|The Jussen Brothers, Nicole Cabell, Andris Nelsons & Eric Nathan|
The opening concert of the Boston Symphony Orchestra was by and large a crowd-pleasing success. Music Director Andris Nelsons chose to feature two pieces by Poulenc, one by Beethoven and a fourth by a local composer which was also a world premiere. The last received a decidedly mixed reception from the audience which reflected its somewhat eclectic nature.

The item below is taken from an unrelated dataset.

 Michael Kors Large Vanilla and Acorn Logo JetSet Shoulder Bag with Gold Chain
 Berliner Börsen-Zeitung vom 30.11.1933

The first piece was Poulenc's Concerto in D Minor for Two Pianos featuring guest soloists Lucas and Arthur Jussen, the duo of pianists, who are brothers from the Netherlands. They have established quite a reputation throughout the music world with their interpretations of this composer's work. Immaculately attired in identical military style dress, the twosome demonstrated with their enthusiastic and detailed precision why they are so well regarded. It was an engrossing demonstration of the critical importance of intense rehearsals that conveyed a true command of the material as well as comfort with it. Poulenc intended the piece to convey cheerfulness with its primary goal of entertaining, which is exactly what familiarity with the music, and with one another, produced.

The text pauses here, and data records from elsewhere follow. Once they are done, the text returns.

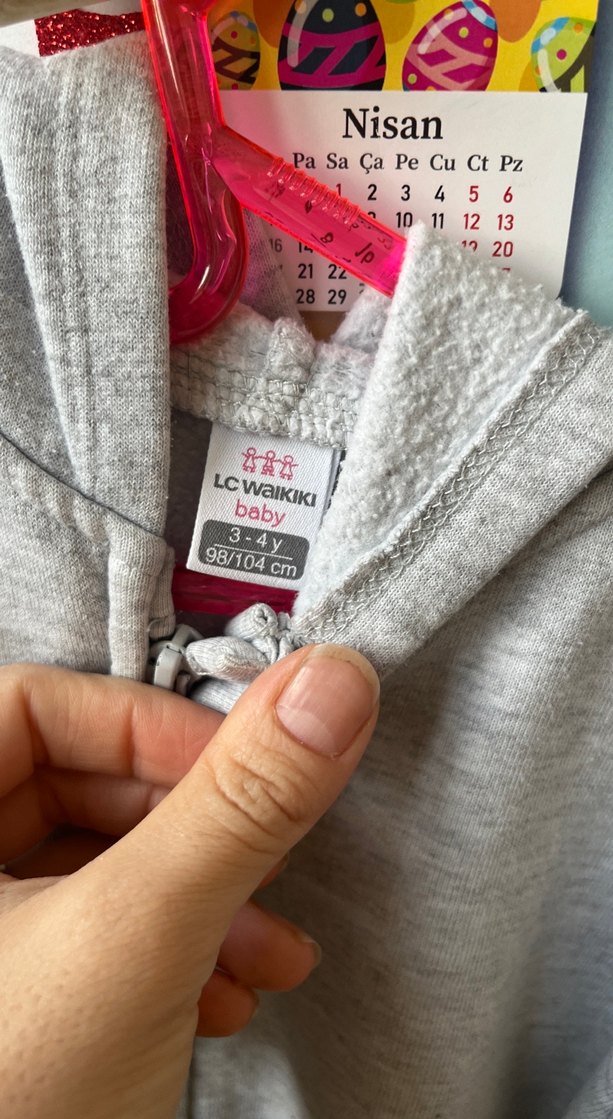 Çocuk Gri Kapüşonlu Fermuarlı Sweatshirt - Görsel 2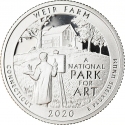 25 Cents 2020, KM# 720a, United States of America (USA), America the Beautiful Quarters Program, Connecticut, Weir Farm National Historic Site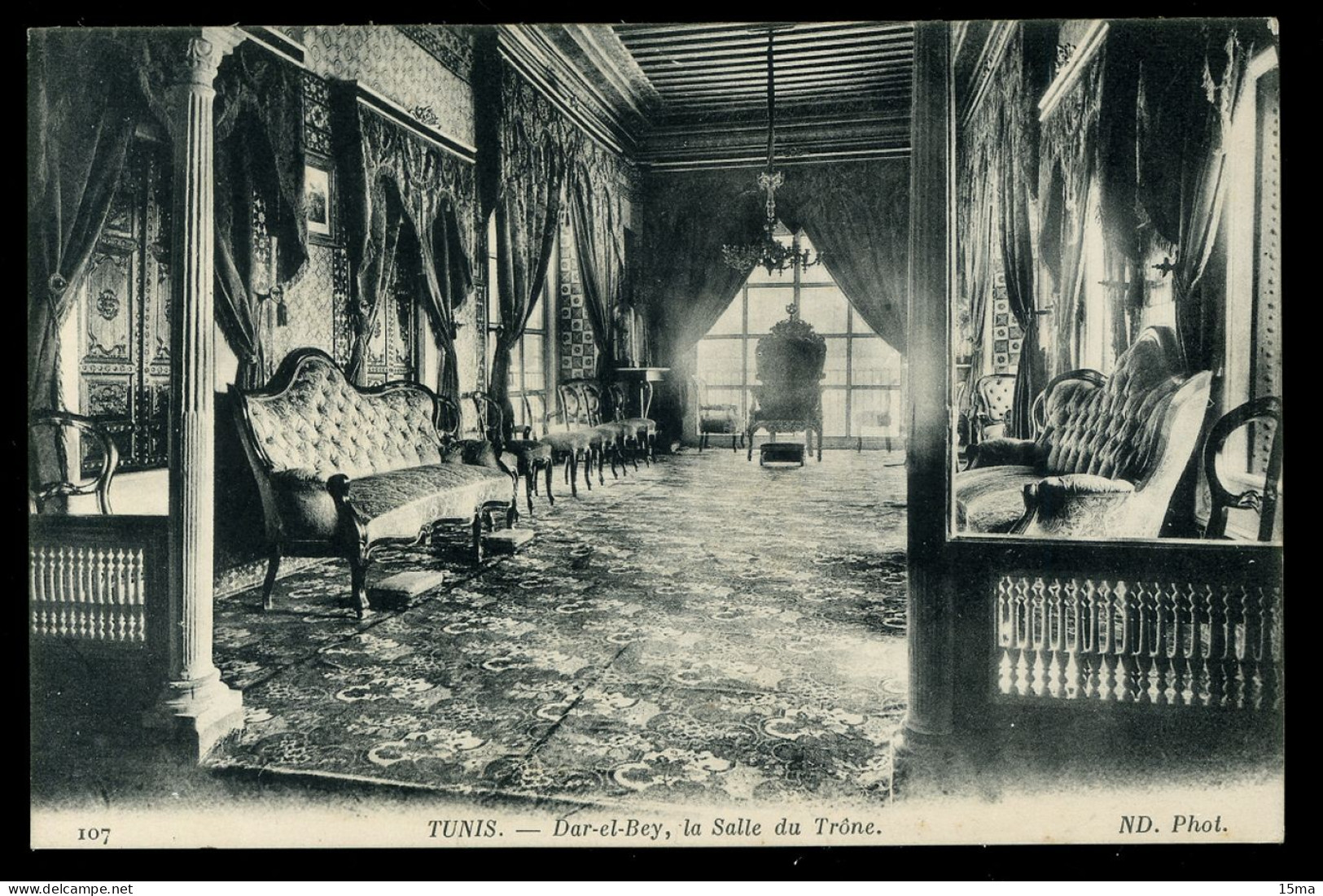 TUNIS Dar El Bey La Salle Du Trône ND 1916 - Tunisia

The second piece on the program was a bit of a curiosity, given that its composer was Beethoven. He wrote the work, Fantasia in C Minor for Piano, Chorus, and Orchestra, Opus 80, in some haste to be performed himself in 1808 at the Theater an der Wien (a popular venue for operettas) in Vienna. By all accounts, it was a rather disastrous event after which the composer never again played the piano in public. This Choral Fantasy was not to be performed by the BSO until a century and a half later, perhaps because of the success of the Ninth Symphony that stylistically features music that both pieces share. Nelsons and his orchestra nonetheless provided insight into what would later be developed into the more familiar themes of the great Hymn to Joy.
The penultimate piece, Eric Nathan's Concerto for Orchestra was performed with the composer and his parents present in Symphony Hall. A short piece of some eighteen minutes, it succeeded in portraying the virtuosity inherent in an instrumental section-based work. On first hearing it was, for both orchestra and audience, a challenging composition, including as it did a lengthy beginning and ending mimicking the cacophony of the sound of automobile horns. One might be tempted to pity the modern composer whose music was sandwiched between that of Poulenc and Beethoven; clearly the concerto will profit from future familiarity, and placement with more appropriate programs.
The last piece was a moving rendition of Poulenc's Gloria, featuring soprano Nicole Cabell and the Tanglewood Festival Chorus. It proved a satisfying end to this program, since it was commissioned by, and first performed by, the BSO, in 1961, then, as now, presented with the Poulenc double piano concerto to great applause.